Firearms safety debate delayed; new tenure and bullying bills introducedScott Rothschild
House Republican leadership decided Thursday to pass over a debate on guns safety programs in public schools, and separate bills on teacher due process and bullying prevention policies were introduced and sent directly to the House Committee of the Whole.
The House had been scheduled to debate HB 2460, which would authorize firearm safety education programs in public schools; but require that if districts have such programs they must follow state curriculum based on the National Rifle Association’s Eagle the Eagle program or Kansas Wildlife and Parks hunter safety program.
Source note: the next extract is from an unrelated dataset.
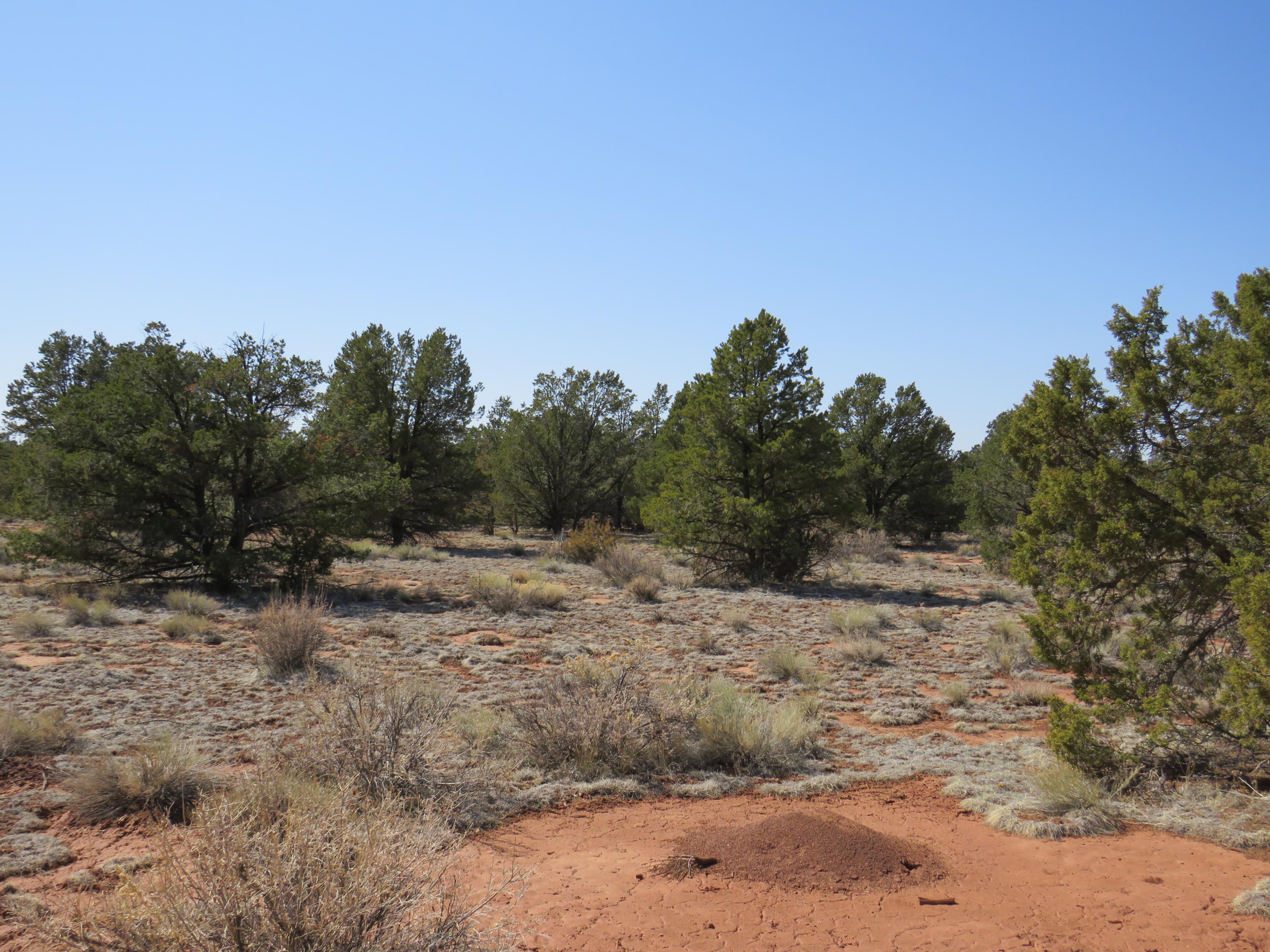 4392 North Bull Run Road, Unit 179 Williams, AZ 86046 - Photo 8 of 22 IMG_0272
On Thursday, House Majority Leader Don Hineman, R-Dighton, moved to pass over the bill. House leaders later explained that in the wake of the Florida school shooting, they wanted to develop a more comprehensive response to school safety.
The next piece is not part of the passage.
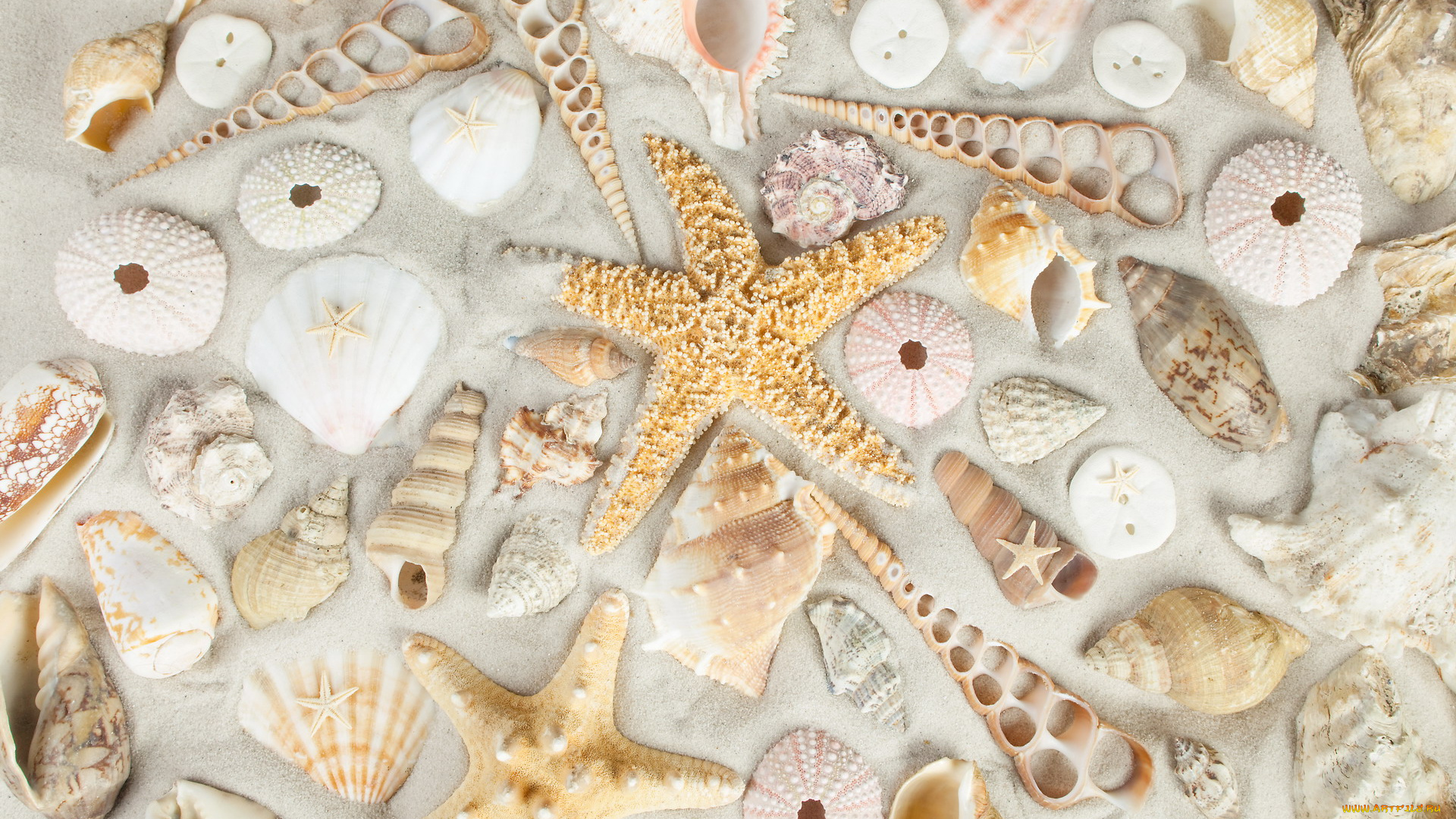 разное, ракушки, , кораллы, , декоративные, и, spa-камни, много, морская, звезда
KASB has opposed the bill in testimony because it restricted school firearm safety instruction to a particular set of programs. The bill’s chief sponsor, Rep. John Whitmer, R-Wichita, told KASB he was prepared to offer an amendment to allow other “evidence-based programs” to be used. Other amendments were also expected. KASB Testimony
KASB will follow development as the Legislature considers possible responses to school safety, including gun policies. School leaders are encouraged to share your thoughts about improving school safety with Legislators.
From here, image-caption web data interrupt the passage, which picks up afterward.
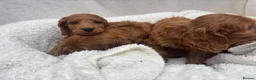 Cavapoo dogs for sale: Cavapoo puppies - Advert 20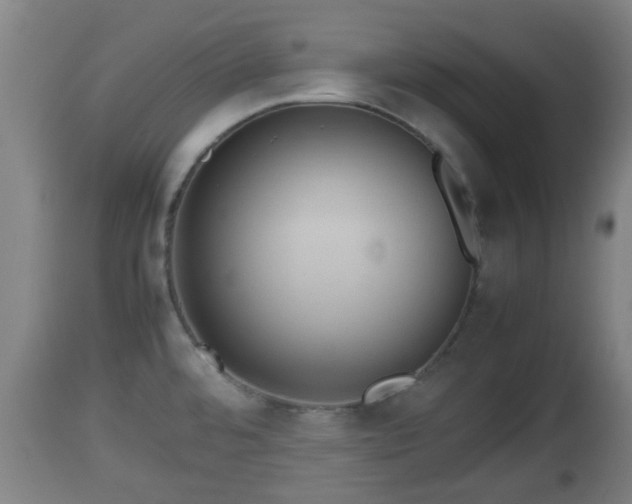 X0000112811480200908281455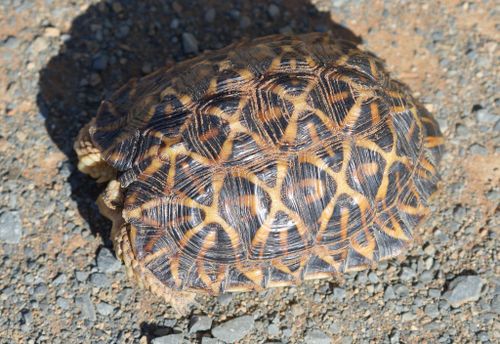 Dossière Psammobates tentorius verroxii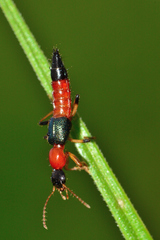 Paederus mexicanus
House leadership also promised to hold debates on separate bills concerning teacher due process and bullying after they were paired together by the House Education Committee in HB 2578. The House Taxation Committee voted Wednesday to introduce HB 2757, due process for terminating teacher contracts, and HB 2758, publication of school district bullying policies. The tax committee is an exempt committee, so these bills are exempt from deadlines.
By sending the bills directly to the House committee of the whole, no hearings are required. The subject matter of both bills received hearings and extensive discussion in the House Education Committee.
Last session, the House voted to add an amendment that would restore the teacher due process law repealed in 2014 into another bill, but no action has been taken by the Kansas Senate.